My huge mistake became evident when Mister G unwrapped the package of paper towels and put the first roll on the counter near me. I confess, I may have had a tiny tantrum, which may or may not have started with an expletive or two (#itdid), followed by some masterful blame shifting, “WHY DID YOU OPEN THE PACKAGE???? DIDN'T YOU SEE THEY WERE PRINTED????” Yes, I see what I did here. But clearly my screw up needed to be someone else's fault. #sigh
His response: “It’s okay! So we’ll get to look at printed paper towels for awhile. Maybe it’ll be GOOD for us. Haha.” The nerve.
Does he actually understand that the package I bought contains 12 select-a-size rolls and we are a tiny family of 2 who tries to limit our use (#savingtheplanet)??? This could go on for awhile and I don’t see how staring at these goofy printed paper towels that totally disrupt the carefully curated vibe of my pretty kitchen is going to HELP me. What's wrong with him?
Ok. So, is this really about the paper towels? I mean, seriously, it’s a $15 mistake. Give the stupid things to someone who doesn’t care what they look like and move the heck on with your life. But as I
obsess reflect on this over the next couple of days, I
realize there's probably a bigger issue behind the issue here. Ya think? What
was up with the mini tantrum? They’re. Just. Paper. Towels. One thing I know
from experience is that when my response to something is out of proportion to
what actually happened, then it's probably time to do a little excavating.
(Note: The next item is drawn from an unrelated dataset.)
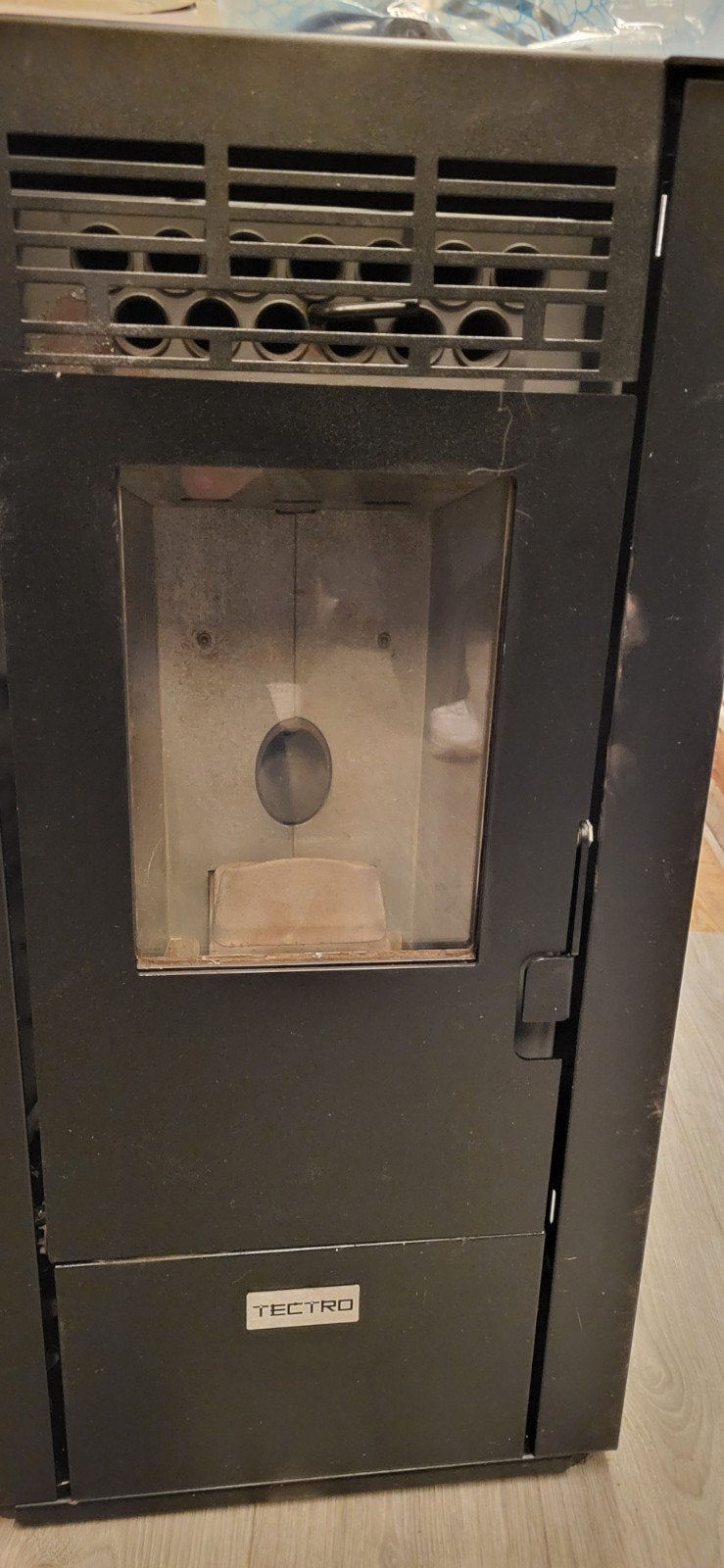 te koop nette pelletkachel, Ophalen, Gebruikt, Pelletkachel, Vrijstaand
I got curious about the subject of blame shifting, took my search to the world wide web and learned a few things. My biggest takeaway was in the discovery that we sometimes blame shift when we ourselves don’t measure up to our own standards. I realized as I was leaving the Costco parking lot that I forgot the ONE most important item on my 5-item list (frozen mangos), which then cost me another 25 minutes of hassle by the time I went back and got them. So when I came home and discovered I had made yet another mistake, my angry outburst directed toward my G was really about my own irritation with myself. I mean, a 5-item grocery list ain't exactly rocket science. Two trips to the store and I still couldn't get it right put me in perfect position for some warped thinking. Let's take a ride on the crazy train of self-loathing.
So it's a self-esteem issue, right? Well, yes. And, no. I mean, I'm all in favor of positive self-affirmations (#iAMsomebody) and encouragement from others about how great I am (#yougogirl) but for me, that good news has to originate from a firmer foundation to resonate deeply and really stick. Like, for example, coming right from the God of the Universe, the center of my gravity, my very reason for being, the One who created me with His own imprint, who loves me with a love that transcends anything I can understand, and forgives me over and over and over. Yes, even when I buy stupid printed paper towels. Man, if I had a firm grip on that, I'd never feel like I need to blame anyone else for my mistakes because I am completely loved and accepted and nothing, no-thing, can separate me from it! Damn straight!!! (Did you know that's kind of another way of saying "amen?")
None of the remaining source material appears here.